高校1年の頃だったか、仲のよかった友人たちが、放課後、誰からともなく『Caféに行こう!』と言い出しました。
学校行事が多くて数日思うようにギターを弾けていなくて、「今日こそ、絶対早く帰宅して練習しよう!」と決めていた日のことでした。
みんなのことが大好きで、そのCaféも(当時は喫茶店と言ったね)好きで、誘ってもらって嬉しくて、たぶん、あたしはその時、心の底から、みんなと一緒に行きたかったんでしょう。
心を鬼にして「今日は帰って練習する」と告げた時、友だちに「へぇ、MISUMIはエライね」と言われ、本当にいやな気持ちになったこと、楽しそうに連れだってCaféに向かう友人たちの後ろ姿を、後悔と淋しさの入り交じった、どーんと重たい気持ちで見送ったことが、半世紀近く時が経とうとしている今でも鮮明に思い出されます。

練習ってのは、自分の内外のあらゆる抵抗勢力との戦いなのだと、その時、痛感しました。

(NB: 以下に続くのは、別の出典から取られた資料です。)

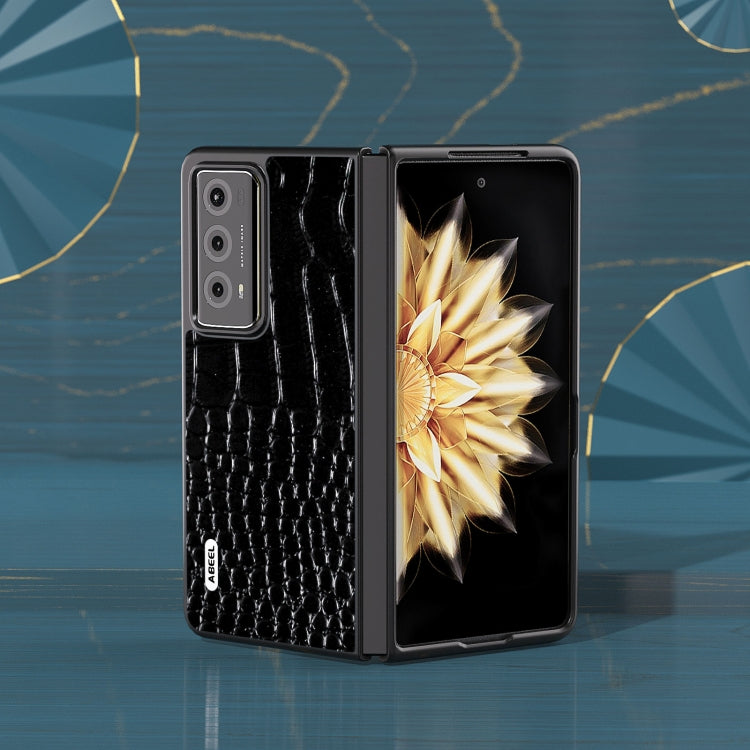 For Honor Magic V2 ABEEL Genuine Leather Crocodile Pattern Black Edge Phone Case(Black) - Honor Cases by PMC TechLife | Online Shopping South Africa | PMC TechLife | Buy Now Pay Later Mobicred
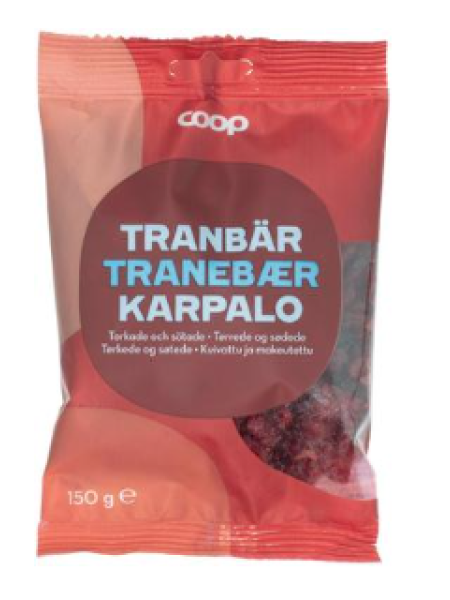 Сушеная подслащенная клюква Coop kuivatut karpalot 150г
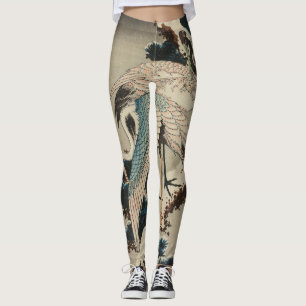 Cranes on a Snow Covered Pine Hokusai Leggings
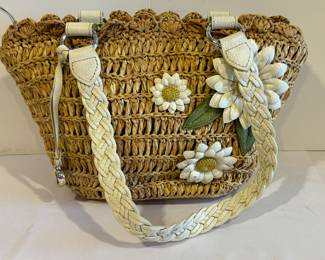Brighton Straw Handbag in gently used condition and measuring about 13” x 9” 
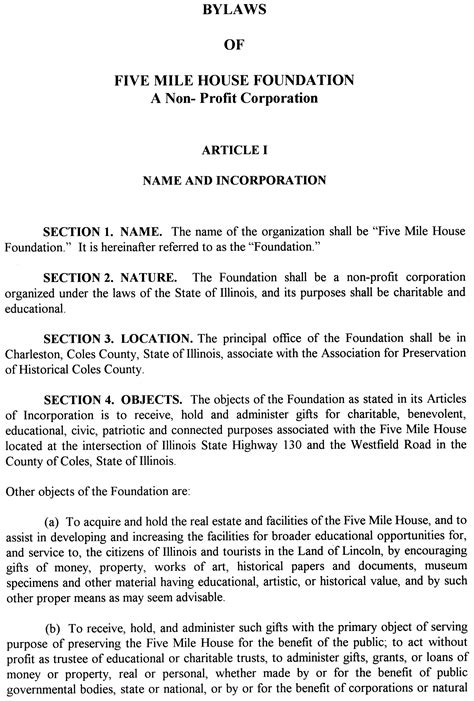 Bylaws — Five Mile House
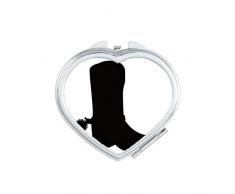 DIYthinker Männer schwarzer Lederschuh Silhouette Herz Compact Make-up Spiegel Beweglicher Nette Handtaschenspiegel Geschenk Mehrfarbig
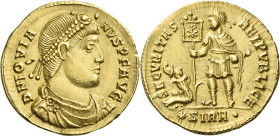 Jovian, 363 – 364. 

Solidus, Sirmium 363-364, AV 21 mm, 4.43 g. D N IOVIA – NVS P F P AVG Pearl-diademed, draped and cuirassed bust r. Rev. SECVRIT...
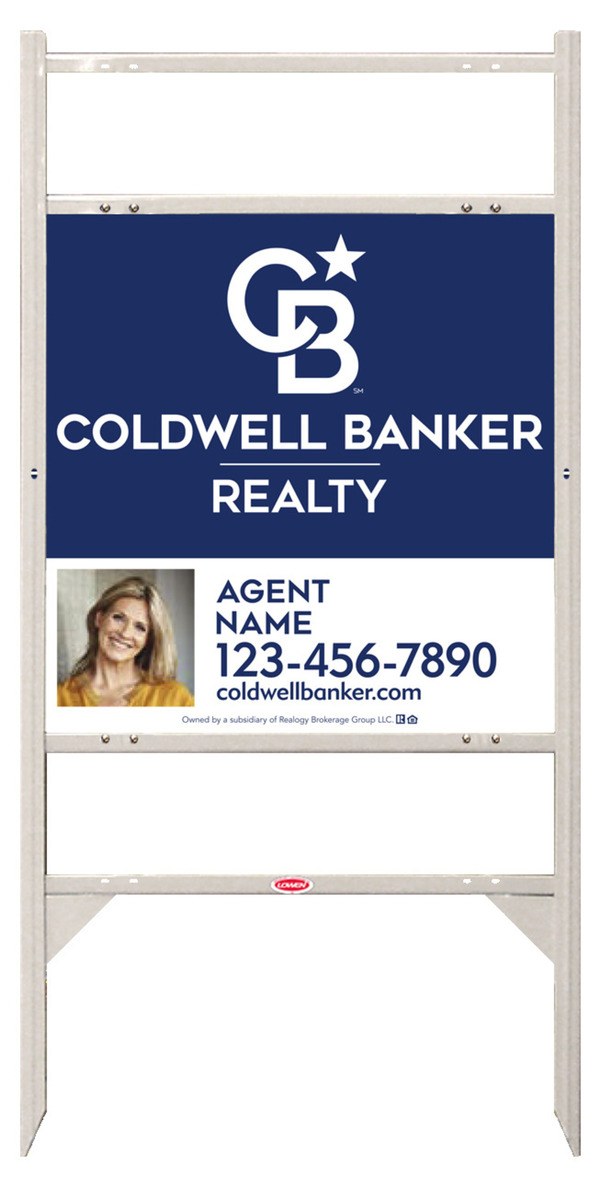 Angle Iron Frame w 2 Rider Inserts and Agent Photo Sign Panel Unit, 24h x 24w, 3MM Aluminum Composite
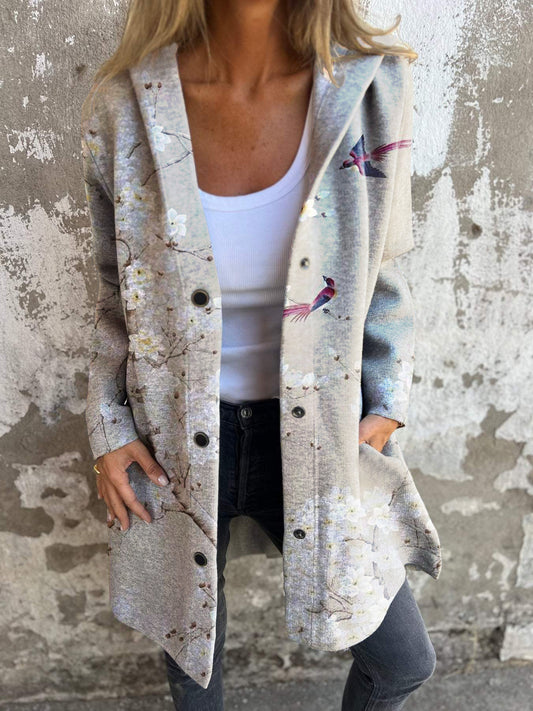 Floral and Bird Print Long Sleeve Button Hooded Jacket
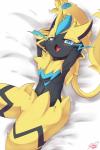 2018 absurd_res ambiguous_gender anthro bed black_body black_fur blue_body blue_eyes blue_fur claws felid fur furniture generation_7_pokemon hands_behind_head hi_res legendary_pokemon looking_at_viewer lying mammal nintendo on_bed open_mouth pawpads pokemon pokemon_(species) raruru solo tongue yellow_body yellow_fur zeraora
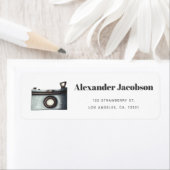 Minimalistische Kamera-Fotografie-Rücksendeadresse (Insitu)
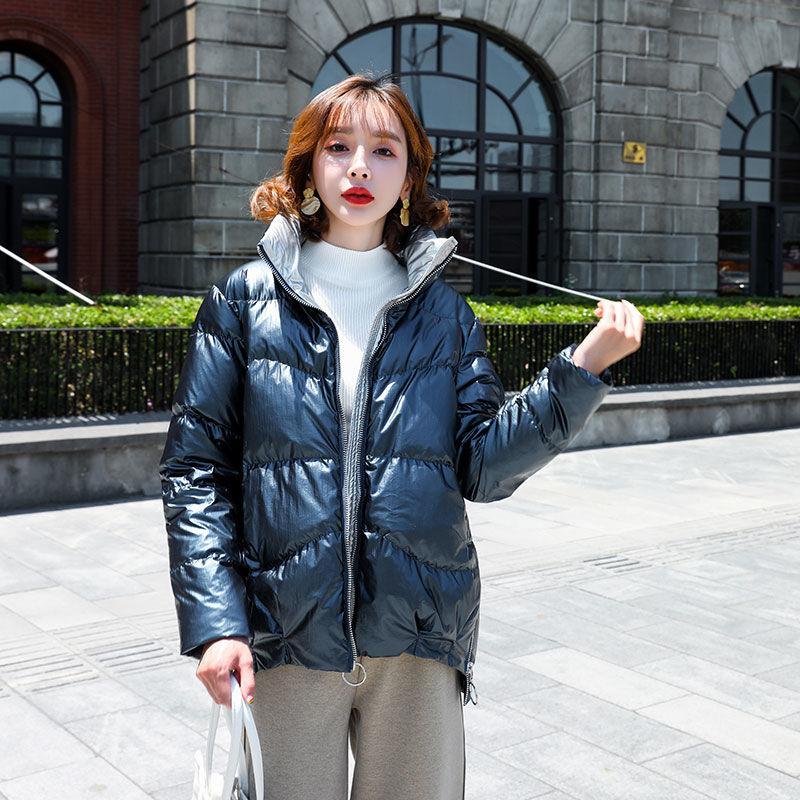 Glossy Down Jacket Women's Mid-length Lightweight Loose Thick Warm White Duck Down Jacket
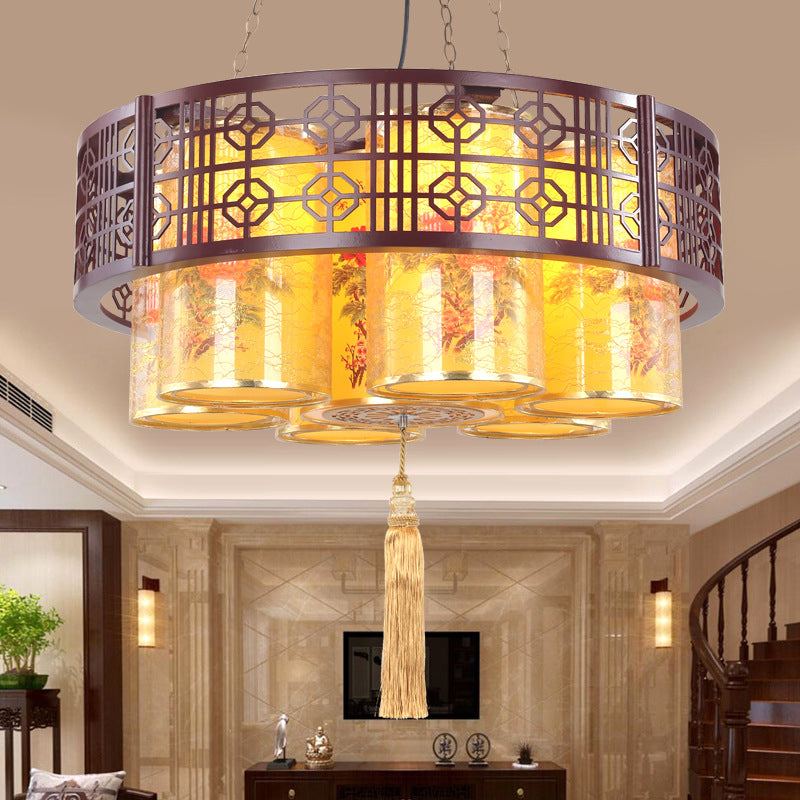 Lustres Traditionnels Chinois en Bois de Fer PVC Cylindre Rond Imprimé 7/9/11 Lumières pour Salle à Manger 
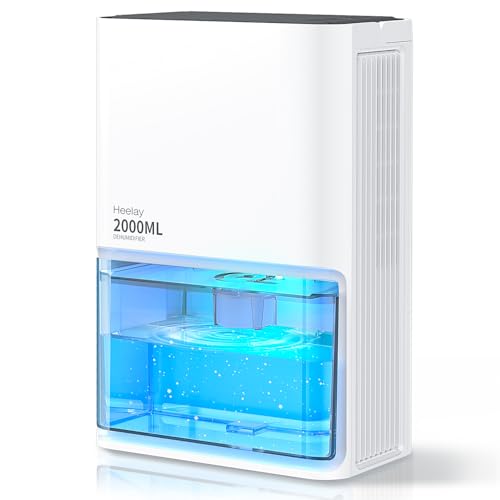 Heelay® Elektrischer Luftentfeuchter, 2L leiser Raumentfeuchter, energiesparend, automatische Abschaltung, 7-farbiges Licht, gegen Feuchtigkeit und Schimmel für Schlafzimmer, Badezimmer, Zuhause von Heelay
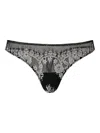 Twinset Lace-insert G-string Thong In Black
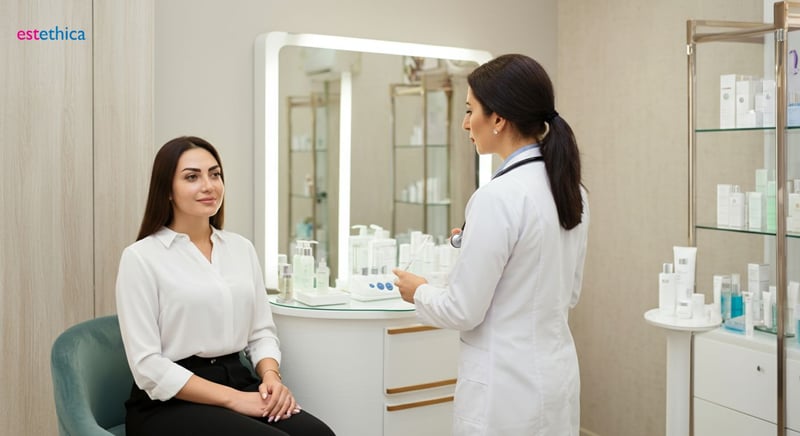 Mujer aplicando crema facial en su rutina de cuidado de la piel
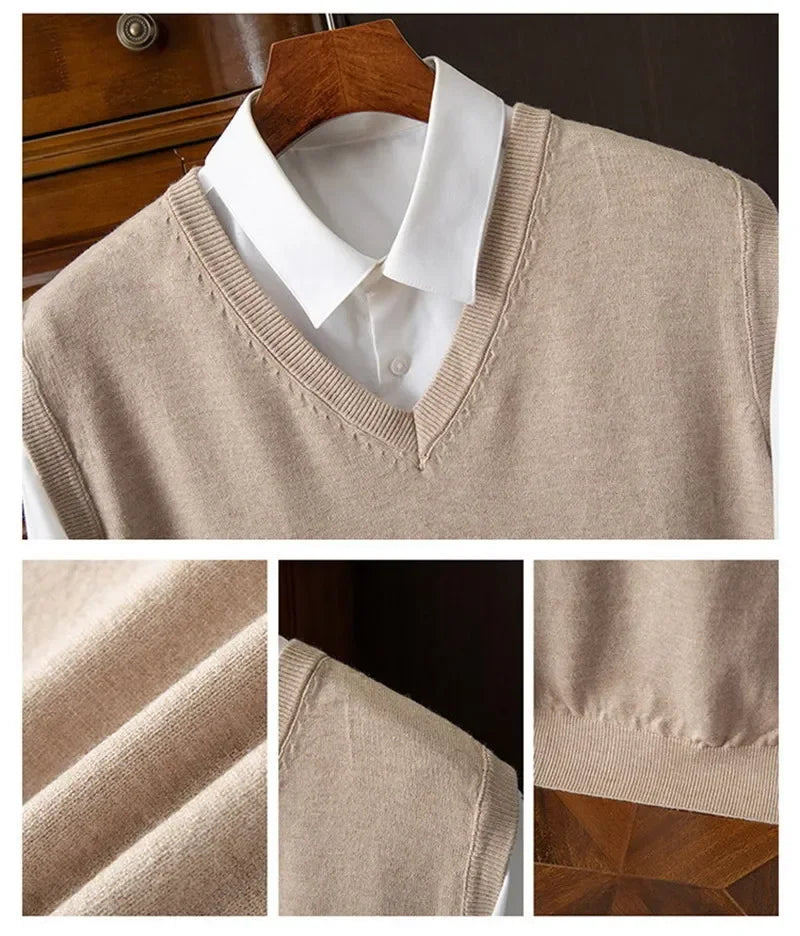 Cashmere Knitted Sweater Vest Men's Clothing V-neck Solid Color Pullover Camisole Bottom Spring Autumn Tops-Style Heaven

「うまくなりたいけど、練習できない」を変える3つのステップ

■ステップ 1:最初から「練習」が好きな人はいない

練習を一切しなくても、歌いたい歌を、いつでもどこでも自由自在、思い通りに、何時間でも歌い続けられる能力を持っていたら、練習なんかする人はいないでしょう。

脳というのは、怠惰なもの。
だから全力で、努力をしない方向に私たちの感情を引っ張ろうとするらしい。
みんなの後ろ姿を見送った時の「いやな気持ち」の正体は、脳の罠なんですな。

まずは、この脳が仕掛けてくる罠に打ち勝つ。
この時が、とにかく一番苦しいわけですが、ここを越えないとなにもはじまりません。

えいっと踏ん張るところです。

■ステップ 2:「練習」が報われた時の快感は、努力する時の「いやな気持ち」を越える

練習は裏切りません。
必ず報われます。
友だちと遊びに行くのをがまんしてまで練習すると、結果が出たときの達成感はさらに大きくなります。
自分を思いきり誉めてやりたくなるんです。

「ほらね、あそこでがまんしたから、できたんじゃん。
偉いぞ、あたし。」

ひとつひとつの結果の価値が上がるんですね。
そして、それを手に入れた自分自身にどんどん自信がつく。

■ステップ 3:「やった感」がカラダに染みつくから、練習が好きになる

人間ってのはキャッシュな生き物です。

「これ、がんばると儲かる」とわかると、「これ」自体が好きになる。
「練習がんばると、あんなにいい気分になる」と知ってしまうと、「練習」自体が好きになる。

さ、練習しようと思うとちょっと楽しい気持ちになる。
練習していると、どんどん気分が高揚して、ますます練習に身が入る。

ここまで自分を持って行かれたら、後はどんどんプラスのスパイラル。
上昇気流です。

どんどん上達する人は、このスパイラルに乗っかっている、というわけです。


もちろん、こんな話を聞いたところで、友だちとCaféに行かないという選択が楽になるわけではありません。
寒い練習室には行きたくないし、仕事も家事も連絡も、やらなきゃいけないことはたっくさんあるし、いやいや、あたしは疲れているから、今日くらいはぼーっとしたいし、、、

そこで、練習を選択できるか否か。

「ほんとにやりたいのか?」が試されるのは、その瞬間です。